Problem: One Raft Group Doesn't Scale

Single Raft group → single leader → all writes serialized through one node → throughput ceiling.

Multi-Raft

Run many independent Raft groups in parallel — one per data shard (Range in CockroachDB, Region in TiKV).

Node 1          Node 2          Node 3
┌──────────┐   ┌──────────┐   ┌──────────┐
│ Region A │   │ Region A │   │ Region A │  ← Raft group A
│ Region B │   │ Region B │   │ Region B │  ← Raft group B
│ Region C │   │ Region C │   │ Region C │  ← Raft group C
└──────────┘   └──────────┘   └──────────┘
Each node hosts hundreds of Raft groups simultaneously

Each region/range = its own independent Raft consensus group (typically 3 replicas)
Writes to different regions proceed in parallel — no global serialization
Each region has its own leader (may be on different nodes)
Adding nodes → more regions distributed → linear write scalability

Challenges

1. Heartbeat Storm

Naive: every Raft group sends heartbeats independently → O(regions × nodes) messages/sec
1000 regions × 3 nodes = 3000 heartbeats/sec just for liveness

Fix — Coalesced Heartbeats (CockroachDB):

Instead of: Region1→Node2, Region2→Node2, Region3→Node2 (separate msgs)
Send:       Node1→Node2 { region1: ok, region2: ok, region3: ok } (one msg)
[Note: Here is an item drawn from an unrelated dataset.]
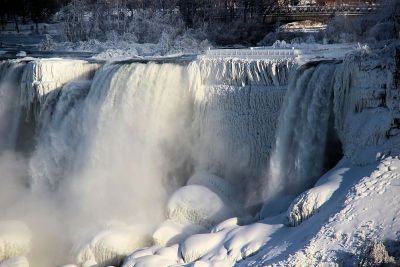 白雪覆盖的美国瀑布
Reduces heartbeat traffic from O(regions) to O(nodes).

2. Leader Placement

Leaders should be co-located with the node serving client requests
Leaders scattered randomly → extra hops

Fix: Placement Driver (TiKV) / Rebalancer (CockroachDB) actively moves leaders to balance load and minimize cross-node RPCs.

3. Snapshot Overhead

New replica or lagging replica needs a full snapshot
Naive: snapshot per region separately → bursty I/O

Fix: Rate-limit snapshot transfers; use RocksDB IngestExternalFile for fast atomic snapshot application (TiKV).
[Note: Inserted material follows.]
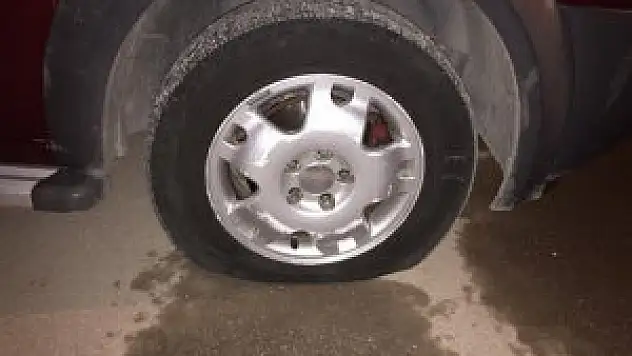 Erzurum'da 7 aracın lastiği patlatıldı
4. Linearizable Reads Without Log Writes

Naive: every read goes through Raft log → write amplification just for reads

Fix — Read Index (Raft optimization):

Leader records current commit index
Sends heartbeat to confirm it's still the leader (majority ACK)
Once responses received, serve read locally — no log entry needed
Guarantees: read sees all writes committed before the read started

Region / Range Sizing

System	Unit	Default Size	Split Trigger
TiKV	Region	96 MB	Size exceeds threshold
CockroachDB	Range	512 MB	Size OR QPS threshold

Range-based (not hash-based):

Range scans stay within one or few contiguous regions
Split/merge is purely metadata — no data movement
Tradeoff: sequential writes (e.g., monotonic IDs) can hot-spot one region

Region Split / Merge

Split

Leader detects region too large or too hot
Finds split key (middle key or hot boundary)
Proposes split via Raft
Parent region → two child regions; update metadata (PD/meta ranges)
Two independent Raft groups from here on

Merge

Two adjacent small/cold regions identified
Source region's Raft group dissolved
Key range absorbed by target region's Raft group
Metadata updated

Placement Driver (TiKV) / Rebalancer (CockroachDB)
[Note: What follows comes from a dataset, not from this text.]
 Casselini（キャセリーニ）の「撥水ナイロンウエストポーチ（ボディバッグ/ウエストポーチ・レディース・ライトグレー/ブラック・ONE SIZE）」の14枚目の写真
Centralized scheduler that orchestrates Multi-Raft cluster:

Responsibility	How
Balance replica count per node	Move replicas from over-full to under-full nodes
Balance leader distribution	Transfer Raft leadership
Trigger region split/merge	Based on size + QPS metrics reported via heartbeat
Enforce placement policies	Zone/rack awareness, geo-replication constraints
Track GC safe point	Oldest active transaction for MVCC cleanup

TiKV PD is itself a 3-node Raft group — single point of truth with HA.